27 Apr Unidentified Cause of Spray Damage – Chick Peas
ARC was appointed by the insurers of a spraying contractor to investigate a claim from a grower that a spray operation carried out by the insured had damaged a chick pea crop. It was not clear whether any damage had actually occurred to the crop and the insured was adamant that nothing that he did or didn’t do could have caused any damage to the subject crop.
What we did
The matter was difficult from the start because of the insistence of the claimant that he had incurred a loss and the equal insistence of the insured that the spraying operation he undertook did not cause any damage. The position of both claimant and insured could be supported because there was no discernible. In addition, the soil type and topography of the paddock meant that the yields in different areas were very variable.
The task was made more difficult by the fact that the field had been sprayed in a non-systematic way. Usually a spray unit will follow the same pattern when spraying a particular field. For example, up and down like laps being swum in a swimming pool. This spraying operation was done with no discernible pattern.
We undertook detailed investigations into all the relevant details in the matter such as paddock history, plant and soil analysis, past spraying history of the insured, the possibility of product contamination and others. Despite these investigations, no cause of damage could be established nor was it clear that a loss has actually been incurred. While the matter was at an impasse, as the claimant had not been able to prove his loss, the feeling amongst the other parties was that no loss had occurred.
To try and break the impasse, ARC identified a specialist in precision agriculture who was provided with all the data from the electronic data logs on both the spray rig and the header that harvested the paddocks. This specialist had access to data editing, data cleaning and other proprietary software that could be used to analyse the data from the spray rig and header in more detail than had previously been possible.

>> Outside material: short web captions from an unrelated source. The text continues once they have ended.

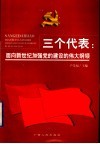 三个代表：面向新世纪加强党的建设的伟大纲领 封面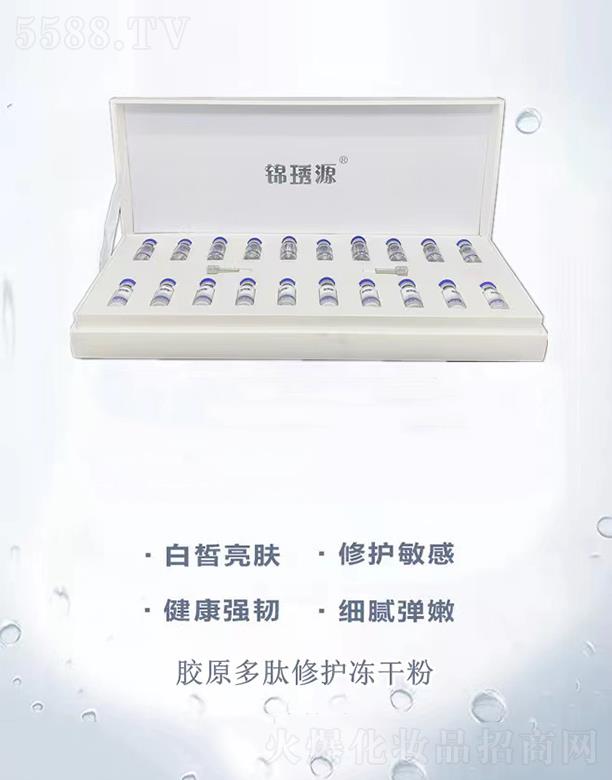 �V���л���ɏ�����������޹�˾���V�ݻ���ɏ��˾ �\�LԴ�zԭ�������o���ɷ�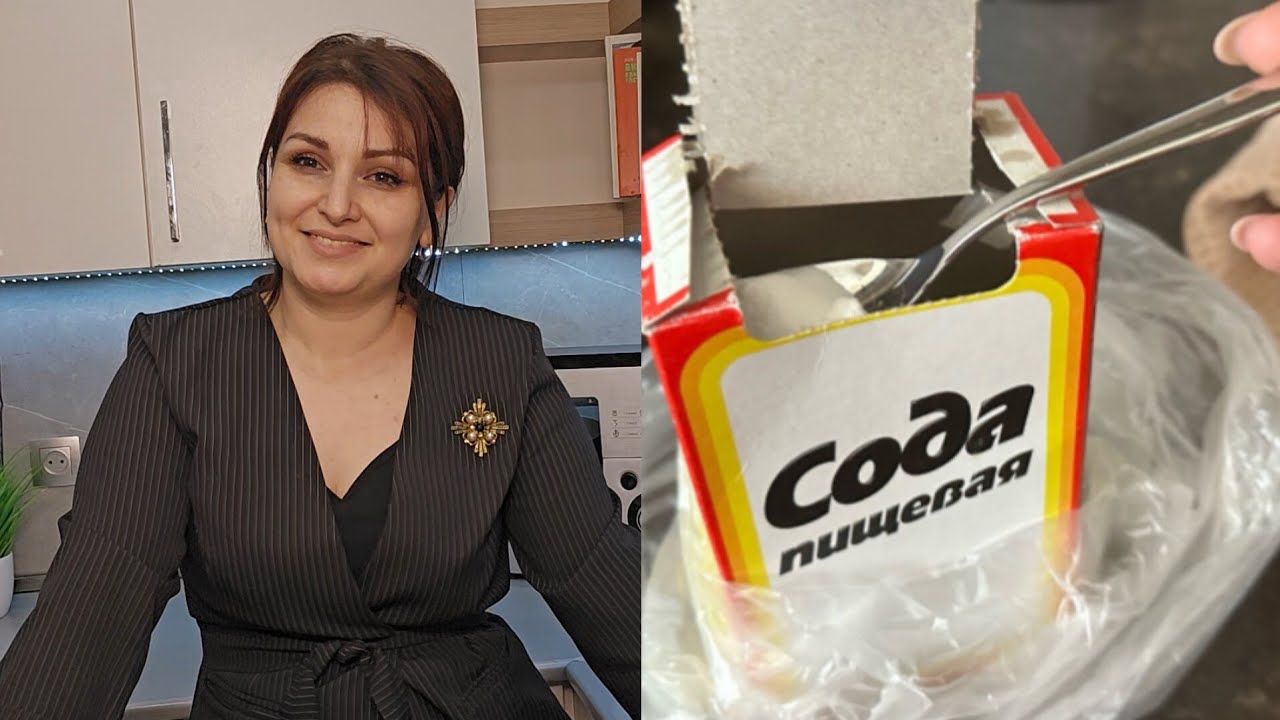 ՍՈԴԱ/ Մարել թե չմարել/ Ինչու է սոդայի համն ու հոտը զգացվում /հարցերի պատասխաններ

The analysis conducted by the precision agriculture specialist was able to identify a pattern of damage that other analysis could not. What was found was that where a yield reduction had occurred, it was greatest nearest the point where the spray rig was re-filling. The further the spray rig travelled from the re-filling point, the less the yield reduction was until a point was reached where no further reduction in yield occurred. While the cause of this observed pattern of damage could not be identified, there was no doubt that a yield reduction had occurred and the cause of it was the spraying operation.
The other valuable result from the analysis was that there were significant areas of the field that were found to be unaffected. Being able to prove this simplified the quantification methodology and reduced the quantum of the claim by approximately 50%.
From being at a complete impasse and with litigation imminent, ARC was able to identify and organise further analysis which provided sufficient evidence to negotiate a settlement that was accepted by all parties.